With that in mind, I think it’s fair to suggest Boston cannot simultaneously stock the big three’s supporting cast with the aged (Shaquille O’Neal, Jermaine O’Neal), the injury prone (Marquis Daniels, Delonte West) and the athletically limited (Glen Davis, Nenad Krstic).
2. Somebody’s gotta rebound. Led by KG’s superb defensive rebounding, this Celtics crew improved on the calamitous rebounding that submarined the 2009-10 team. But this remains a problem area, especially going forward. I don’t see how you can have Davis and Jeff Green (both poor rebounders) on the same team as this aging core and expect to come out on the positive side of the ledger.
If KG’s your starting power forward for next year (and beyond?), I think you have to find someone to man the 5-spot who can gobble up rebounds. That’s not, by the way, an endorsement of Krstic.
3. Somebody’s gotta score. We covered this in depth all season and it proved Boston’s undoing in the playoffs. This just isn’t a good offensive team anymore. Rondo is a great creator of shots but he’s also defensible.
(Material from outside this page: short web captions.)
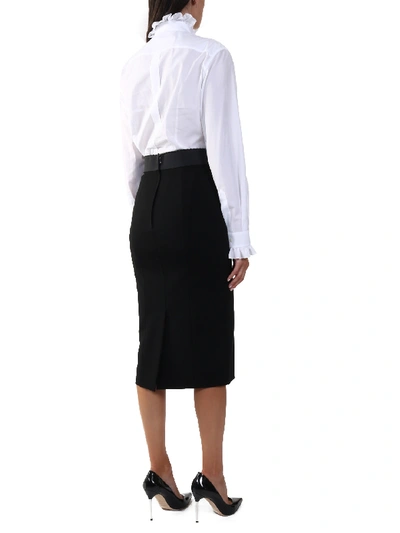 Dolce & Gabbana Wool-blend Pencil Skirt In Black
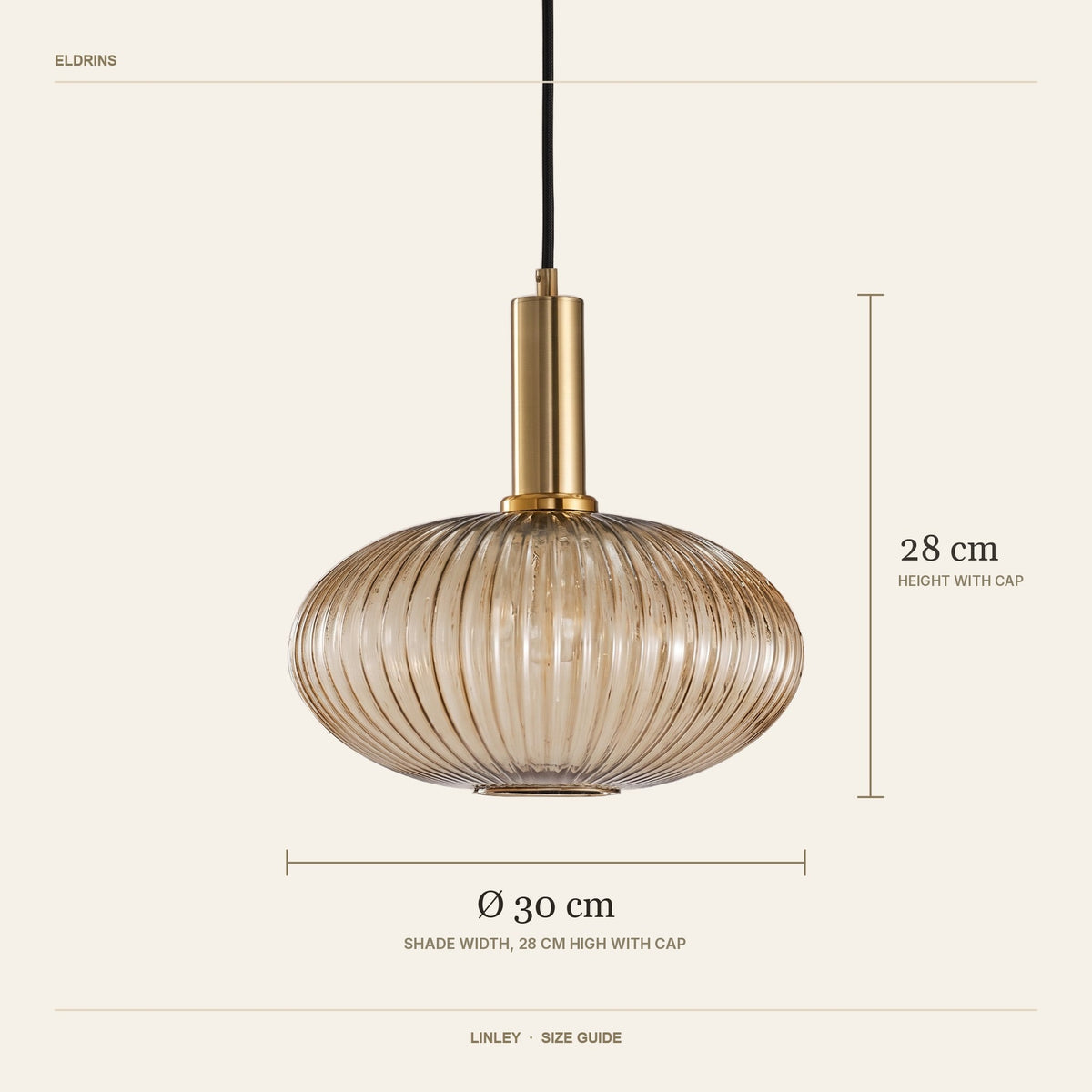 Linley pendant size guide, 30 cm wide and 28 cm high with the cap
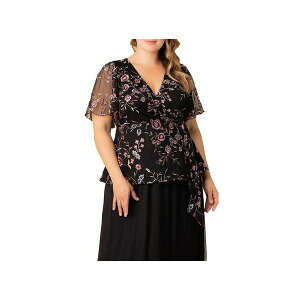 �L���i ���f�B�[�X �J�b�g�\�[ �g�b�v�X Plus Size Rosalie Embroidered Wrap Top Moonlit garden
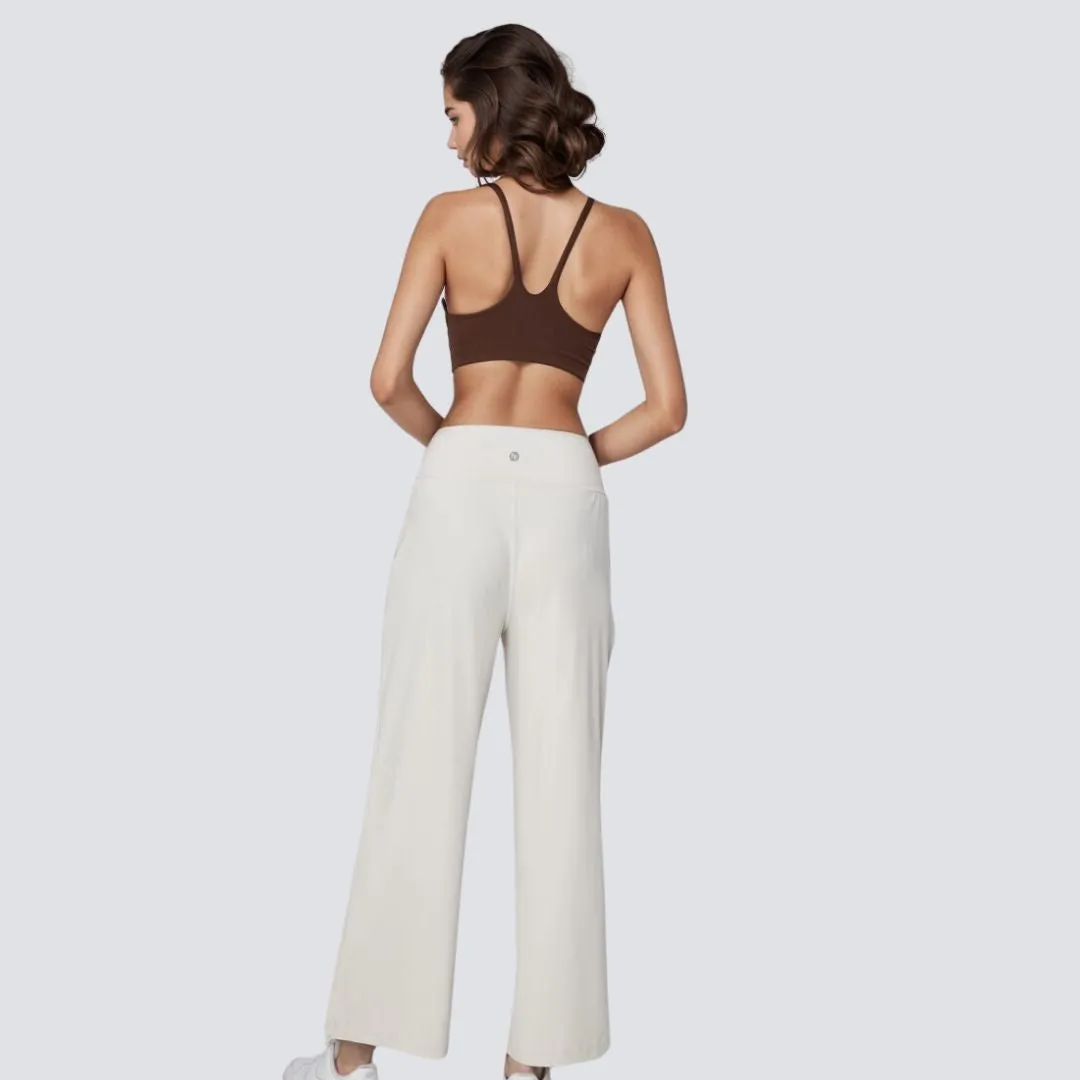 Wide Legged Yoga Pants - Ivory White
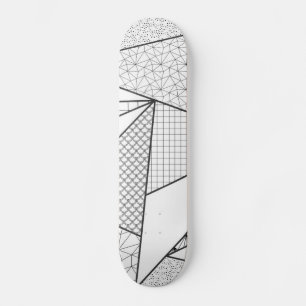 Skateboard Triangles blancs noirs modernes Motif géométrique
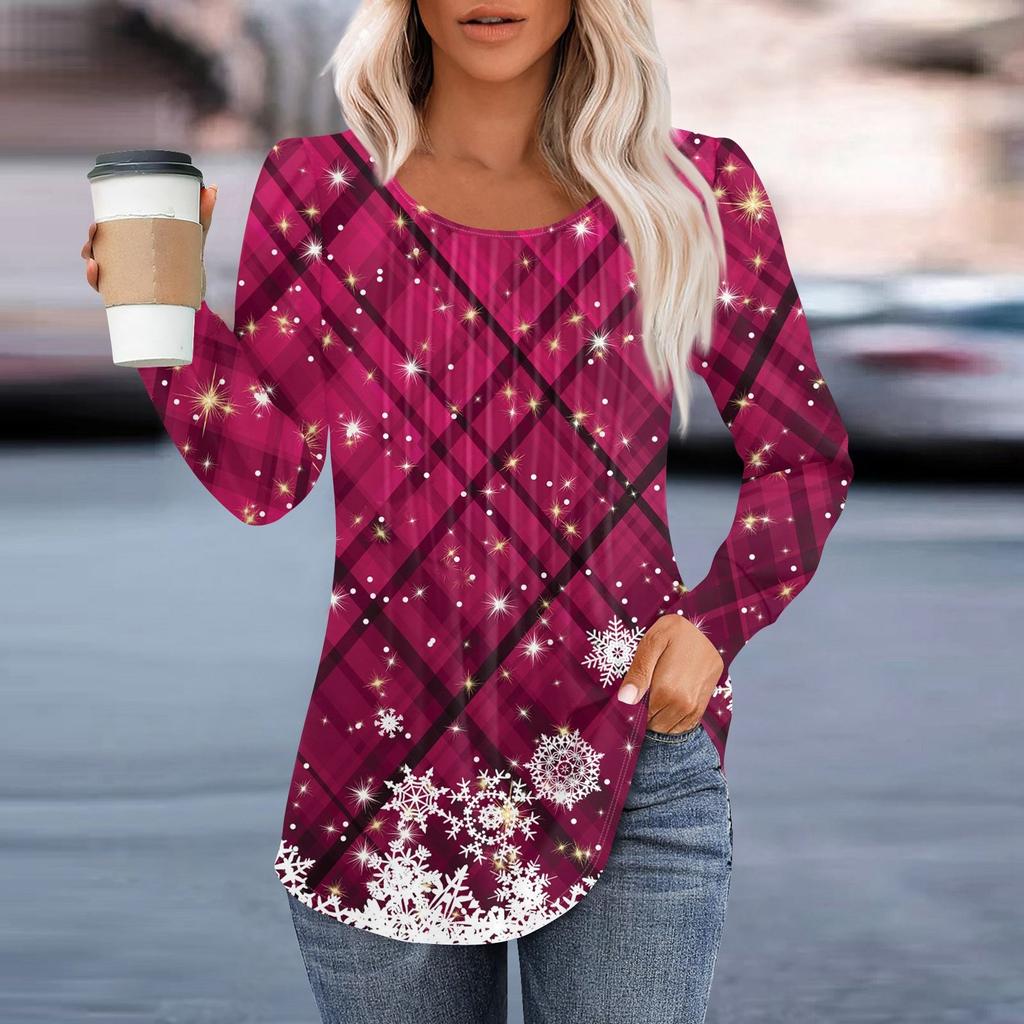 Женская повседневная и модная принтованная футболка с круглым вырезом и длинными рукавами, плиссированная футболка на Рождество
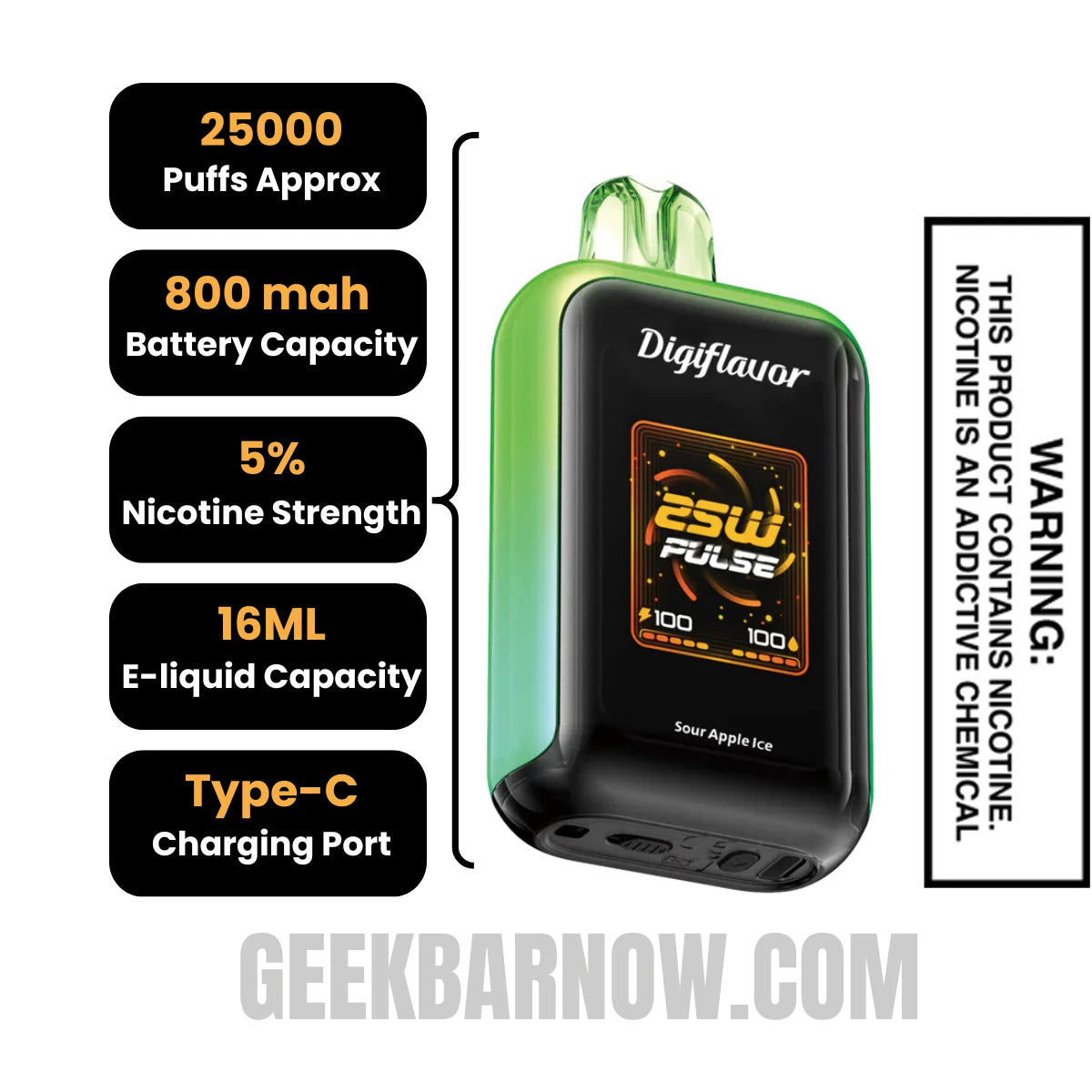 Sour Apple Ice Digiflavor SKY Disposable Vape Specifications Sour Apple Ice Digiflavor SKY Disposable Vape Specifications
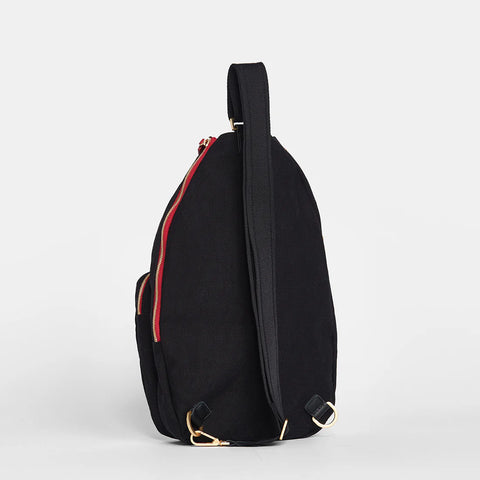 Hammitt Courtside Black/Brushed Gold Red Zip Sling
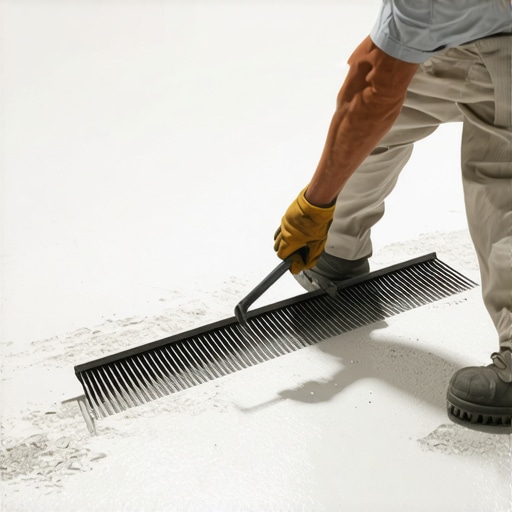 Contractor using a gauge rake to ensure even coverage of self-leveler on a concrete floor.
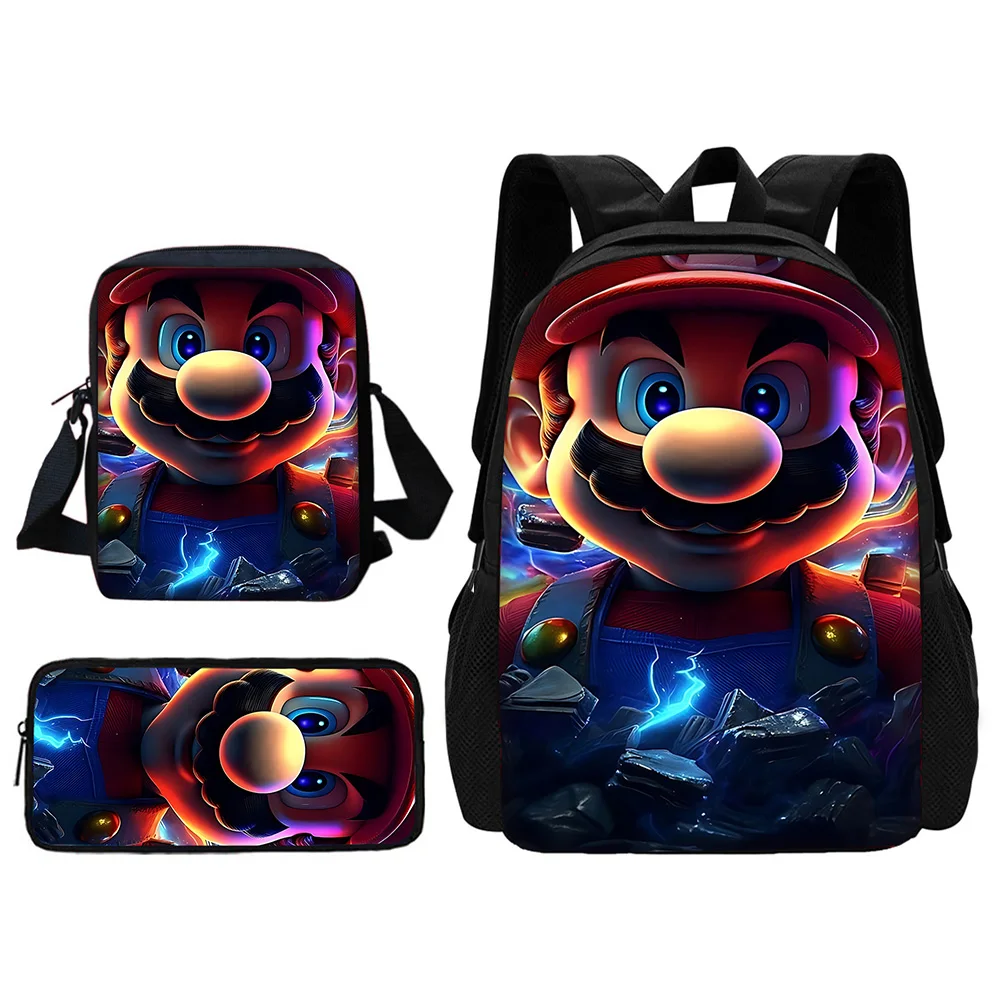 Mochila escolar de anime bonito para meninos e meninas, M-marios, bolsa de ombro, sacos de lápis, melhor presente, 3 pcs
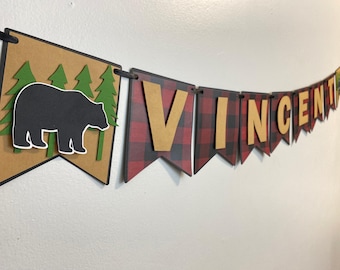 Guirnalda con el nombre de Leñador, Guirnalda a cuadros de búfalo, Guirnalda del Salvaje, Cumpleaños de Leñador, Oso del bosque, Fiesta en la naturaleza.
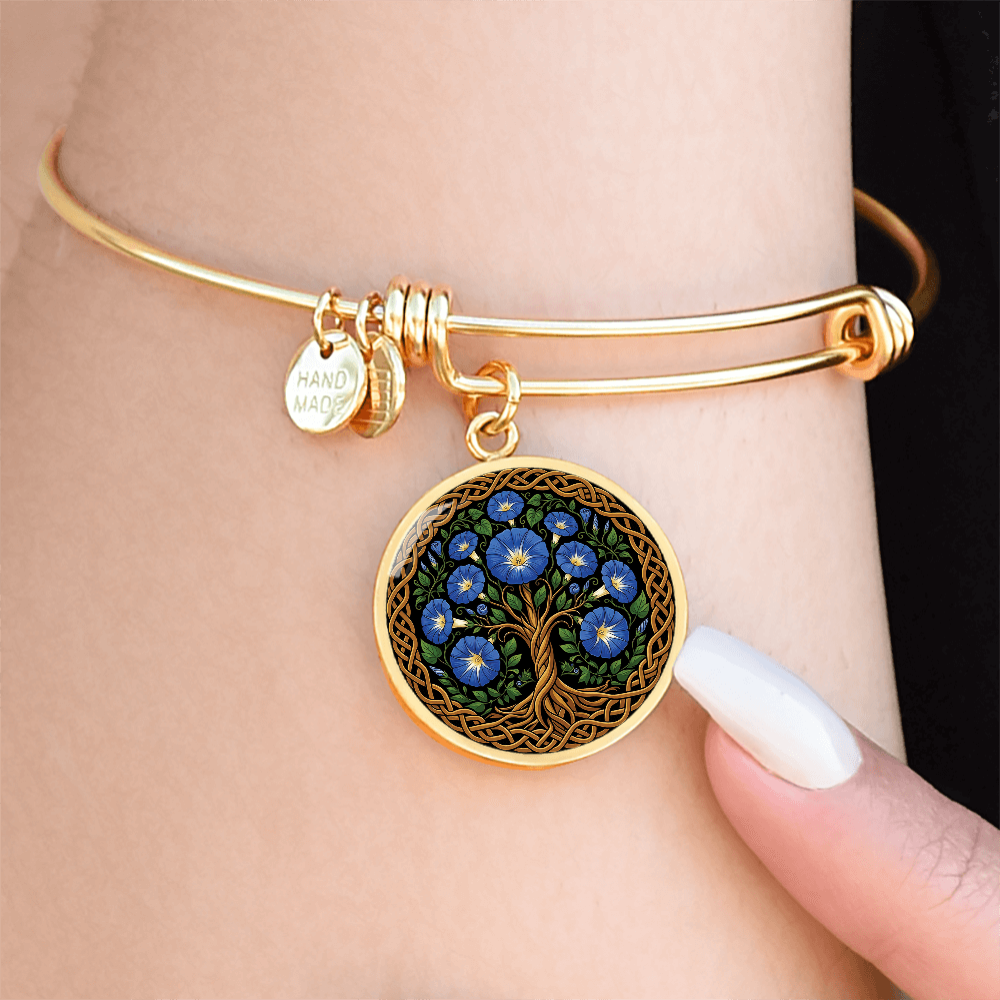 Celtic Tree of Life Pendant Bracelet - Morning Glory September Birth Flower Jewelry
Allen’s impressive shooting numbers disguised his limitations in other areas (primarily that he can’t create his own shot) and Garnett is a mercurial scorer, at best. Pierce is Boston’s best offensive player but can’t guard elite SFs and still deliver on that front.
For the first time I can remember since the big three were put together, Ainge talked this week about the need to acquire talent. No real context to that point, just “talent”. I think he’s talking about the offense as much as anything else.
4. Get physical. The departures of Tony Allen and Kendrick Perkins and the injury to Shaq robbed this team of much of its physicality on the defensive end. Boston needs more guys who intimidate the opposition and while there’s no requirement for a future team that mirrors past ones, finesse is not the central quality you associate with playoff success. For good reason.
5. The road to hell is paved with 5 years, $35 Million. I’m paraphrasing ESPN’s Kevin Arnovitz here, who made this point on an early season appearance on the NBA Today Podcast. On the eve of a more restrictive CBA, there’s more danger than ever in signing supporting players to big contracts. The order of operations is ideally: find elite players first, then fill in around them. But if elite players aren’t easily obtainable, it’s crucial not to sabotage your ability to afford them by signing role players to untradeable, cap-killing contracts. How excited are you at paying Green something like 5 years, $40M? Can you move that deal in a hard-cap environment if he turns out to be a bad fit? How about 5 years, $45M?